Top of PROVIDED MATERIAL

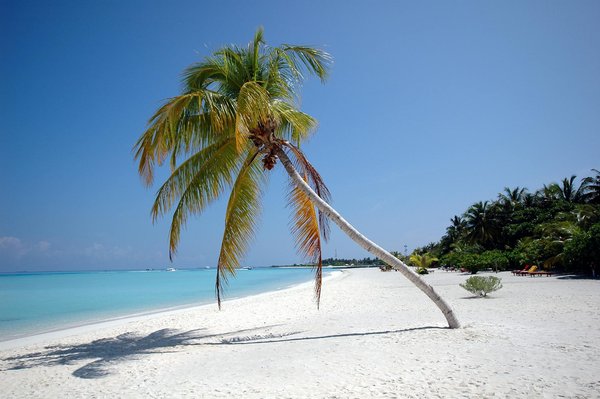 Commerce et location de bateaux : tendances et perspectives d'avenir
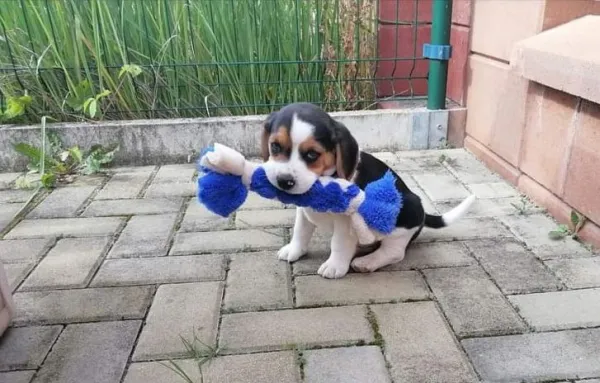 *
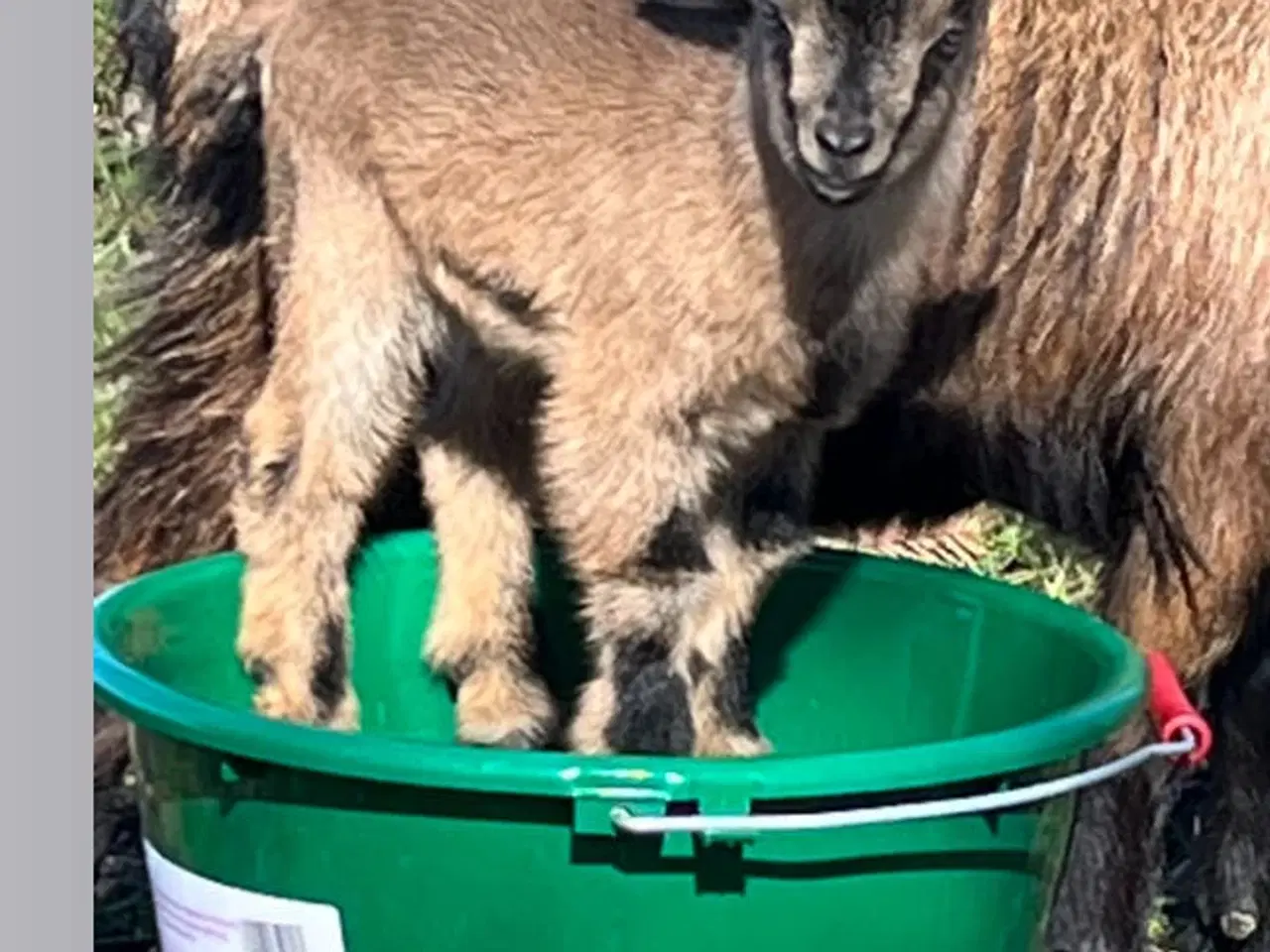 Billede 1 - Gimmer kid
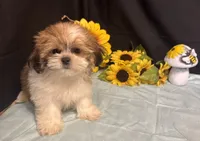 Selah, a male Shih Tzu for sale in Richland, MO – 3 of 7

Bottom of PROVIDED MATERIAL

→ DESCRIPTION OF THE TASK:
The lines to write out run from the one containing "Billede 1 - Gimmer kid" through the final line of the material above, both included; write them out exactly, with no pictures.

→ TASK RESPONSE:
 Billede 1 - Gimmer kid
 Selah, a male Shih Tzu for sale in Richland, MO – 3 of 7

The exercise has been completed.